Von Tom Koch 07.01.2011, 04:25

Blankenburg/Schierke. Dass Berliner Politprominenz sich sehr wohl auf dem Terrain der Landespolitik gut zu bewegen weiß, hat Cem Özdemir bewiesen. Der bündnisgrüne Bundesvorsitzende ist am gestrigen Dreikönigstag eigens zum Wahlkampfauftakt in die Harzer Provinz gereist.

Ob Nordverlängerung der Autobahn 14 oder die von der Bundespolitik gebeutelte Solarindustrie in Sachsen-Anhalts Süden – an thematischem Bezug mangelte es Özdemir bei seinem Sieben-Stunden-Termin nicht. Zunächst war der 45-Jährige von Berlin nach Blankenburg mit dem Zug gefahren, um die Harzer Bündnisgrünen bei ihrem Wahlkampfauftakt zu unterstützen.

Özdemir zeigte sich zuversichtlich, seiner Partei werde es in den Landtagswahlen gelingen, in die drei noch fehlenden Parlamente einzuziehen. Neben Mecklenburg-Vorpommern und Rheinland-Pfalz zählt der Landtag in Magdeburg dazu. Er hofft auch, dass bei der Wahl in seinem Heimatland "eine grüne Sensation" gelinge, so der aus Baden-Württemberg stammende Politiker im Volksstimme-Gespräch.

Özdemir betonte, seine Partei wolle mit ihrem Nein zum Weiterbau der A 14 nach Schwerin nicht die weitere Entwicklung in Sachsen-Anhalt blockieren: "Wir sind für Ehrlichkeit beim Thema Nordverlängerung. Es ist unredlich, den Menschen in der Altmark für derzeit 1,3 Milliarden Euro immer wieder eine Autobahn zu versprechen, für die keiner einen entsprechenden Verkehrsbedarf nachweisen kann." Es sei kein Zufall, dass selbst die größten Fans der Trasse "dafür seit Jahren keine Finanzierung auf die Beine stellen konnten". Özdemir sprach sich stattdessen dafür aus, "den nicht finanzierbaren Traum einer Lobby zu beenden und endlich mit der Planung für den Ausbau der Bundesstraße 189 zu beginnen".

Dass die Grünen den Ausstieg aus dem Atomausstieg kritisieren, darf niemanden verwundern.
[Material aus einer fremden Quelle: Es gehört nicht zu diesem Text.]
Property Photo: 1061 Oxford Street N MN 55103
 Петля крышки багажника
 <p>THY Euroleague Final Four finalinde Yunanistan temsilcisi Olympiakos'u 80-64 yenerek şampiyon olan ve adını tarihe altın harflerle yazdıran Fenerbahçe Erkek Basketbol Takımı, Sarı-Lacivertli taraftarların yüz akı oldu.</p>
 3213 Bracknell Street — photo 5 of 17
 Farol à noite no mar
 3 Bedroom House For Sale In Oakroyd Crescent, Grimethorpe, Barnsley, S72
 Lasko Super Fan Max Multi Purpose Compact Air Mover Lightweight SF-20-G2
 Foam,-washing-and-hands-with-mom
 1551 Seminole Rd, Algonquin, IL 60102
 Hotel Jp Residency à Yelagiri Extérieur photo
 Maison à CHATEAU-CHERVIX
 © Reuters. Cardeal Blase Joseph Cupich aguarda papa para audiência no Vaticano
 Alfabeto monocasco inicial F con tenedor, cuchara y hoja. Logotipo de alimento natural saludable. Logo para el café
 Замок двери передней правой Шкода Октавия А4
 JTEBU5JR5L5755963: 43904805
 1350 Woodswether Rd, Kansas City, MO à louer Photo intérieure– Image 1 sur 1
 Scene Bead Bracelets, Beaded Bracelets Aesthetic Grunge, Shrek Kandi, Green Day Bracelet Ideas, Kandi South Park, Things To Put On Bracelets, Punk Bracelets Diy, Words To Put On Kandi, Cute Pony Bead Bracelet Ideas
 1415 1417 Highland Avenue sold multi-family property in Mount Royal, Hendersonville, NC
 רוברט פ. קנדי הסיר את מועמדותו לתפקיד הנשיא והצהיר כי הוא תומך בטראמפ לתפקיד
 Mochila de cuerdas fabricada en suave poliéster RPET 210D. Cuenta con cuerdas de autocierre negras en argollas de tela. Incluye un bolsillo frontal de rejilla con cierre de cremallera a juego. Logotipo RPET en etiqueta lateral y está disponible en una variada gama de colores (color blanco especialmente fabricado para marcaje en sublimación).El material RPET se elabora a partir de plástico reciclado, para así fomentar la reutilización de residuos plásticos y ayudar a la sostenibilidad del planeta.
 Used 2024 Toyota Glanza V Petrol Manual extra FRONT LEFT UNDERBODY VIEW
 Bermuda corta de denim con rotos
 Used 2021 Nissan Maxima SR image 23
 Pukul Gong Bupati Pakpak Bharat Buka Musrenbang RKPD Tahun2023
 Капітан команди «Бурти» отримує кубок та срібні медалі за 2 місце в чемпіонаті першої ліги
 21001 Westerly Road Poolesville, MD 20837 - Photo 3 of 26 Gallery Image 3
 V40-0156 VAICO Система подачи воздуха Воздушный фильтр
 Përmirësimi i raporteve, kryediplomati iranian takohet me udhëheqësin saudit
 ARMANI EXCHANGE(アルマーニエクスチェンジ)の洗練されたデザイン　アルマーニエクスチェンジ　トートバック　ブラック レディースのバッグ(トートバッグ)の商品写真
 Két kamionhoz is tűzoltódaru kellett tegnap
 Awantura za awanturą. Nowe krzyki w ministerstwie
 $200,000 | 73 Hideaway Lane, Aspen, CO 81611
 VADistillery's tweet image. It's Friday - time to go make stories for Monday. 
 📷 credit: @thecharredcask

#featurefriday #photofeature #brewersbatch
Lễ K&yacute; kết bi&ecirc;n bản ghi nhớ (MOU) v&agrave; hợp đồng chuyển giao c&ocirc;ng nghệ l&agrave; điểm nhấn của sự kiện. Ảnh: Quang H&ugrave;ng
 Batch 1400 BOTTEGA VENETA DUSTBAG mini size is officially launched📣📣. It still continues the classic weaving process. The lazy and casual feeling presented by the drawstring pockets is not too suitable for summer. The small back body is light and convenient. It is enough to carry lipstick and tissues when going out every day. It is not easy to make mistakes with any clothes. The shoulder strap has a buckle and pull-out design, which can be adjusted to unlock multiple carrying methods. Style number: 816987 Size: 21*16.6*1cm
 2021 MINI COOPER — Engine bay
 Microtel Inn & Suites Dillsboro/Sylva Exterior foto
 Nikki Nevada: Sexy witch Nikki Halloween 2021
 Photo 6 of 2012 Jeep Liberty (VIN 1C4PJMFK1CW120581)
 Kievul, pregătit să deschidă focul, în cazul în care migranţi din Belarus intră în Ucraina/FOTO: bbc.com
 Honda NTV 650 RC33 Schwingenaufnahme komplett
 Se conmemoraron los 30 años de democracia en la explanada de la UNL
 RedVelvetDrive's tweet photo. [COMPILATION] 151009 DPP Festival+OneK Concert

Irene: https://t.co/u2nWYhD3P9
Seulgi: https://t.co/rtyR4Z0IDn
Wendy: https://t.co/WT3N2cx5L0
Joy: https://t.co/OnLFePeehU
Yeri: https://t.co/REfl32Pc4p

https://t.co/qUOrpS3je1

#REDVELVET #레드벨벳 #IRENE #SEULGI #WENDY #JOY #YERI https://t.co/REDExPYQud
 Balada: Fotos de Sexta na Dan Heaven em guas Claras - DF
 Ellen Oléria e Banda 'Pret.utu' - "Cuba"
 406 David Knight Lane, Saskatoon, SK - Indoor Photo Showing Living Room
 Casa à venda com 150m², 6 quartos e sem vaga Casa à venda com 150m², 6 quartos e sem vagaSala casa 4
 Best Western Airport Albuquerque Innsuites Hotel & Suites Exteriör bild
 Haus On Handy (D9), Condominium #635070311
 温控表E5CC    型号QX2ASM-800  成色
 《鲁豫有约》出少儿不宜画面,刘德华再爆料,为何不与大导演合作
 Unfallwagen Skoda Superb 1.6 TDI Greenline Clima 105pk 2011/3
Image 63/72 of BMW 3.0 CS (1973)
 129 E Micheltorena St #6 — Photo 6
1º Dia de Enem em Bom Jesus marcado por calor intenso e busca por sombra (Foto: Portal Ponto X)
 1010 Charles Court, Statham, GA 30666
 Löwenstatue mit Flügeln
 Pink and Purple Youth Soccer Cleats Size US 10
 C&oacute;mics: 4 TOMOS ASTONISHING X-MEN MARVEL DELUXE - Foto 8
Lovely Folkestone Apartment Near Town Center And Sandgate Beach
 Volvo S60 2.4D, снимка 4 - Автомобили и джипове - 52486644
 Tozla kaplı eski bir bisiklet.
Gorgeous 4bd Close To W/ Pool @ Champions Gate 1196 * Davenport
Özdemir begründete seine Kritik an diesem Beschluss der schwarz-gelben Bundesregierung damit, dadurch würden jene vier Konzerne gestärkt, die 80 Prozent des deutschen Strommarktes beherrschten: "Ich wünsche mir von der Bundesregierung nur zehn Prozent des Mutes davon, gegen die Solarindustrie zu kämpfen, besser dafür einzusetzen, um die Monopolstrukturen der vier Energiekonzerne aufzubrechen."

"Bildungs-Soli für mehr Qualität bei der Bildung"

Der Bundesvorsitzende der Bündnisgrünen – ein diplomierter Sozialpädagoge – hat sich in Sachsen-Anhalt ausführlich zur Bildungspolitik geäußert. "Längeres gemeinsames Lernen in gut ausgestatteten Gemeinschaftsschulen ist für uns wichtig. Genauso wie der weitere Ausbau von Kindertagesstätten, speziell im Westen gibt es dabei einen Nachholbedarf." Er räumte ein, mehr Qualität und Quantität könne es nicht zum Nulltarif geben. Zur Finanzierung schlagen die Bündnisgrünen deshalb vor, den Solidaritätszuschlag in einen "Bildungs-Soli" umzuwandeln.

Özdemir: "Weil wir Veränderungen schneller erreichen wollen und eine gute Schulpolitik nicht von der Haushaltslage einzelner Länder abhängig sein darf, fordern wir, dass auch der Bund bei der Bildung Kompetenzen erhält."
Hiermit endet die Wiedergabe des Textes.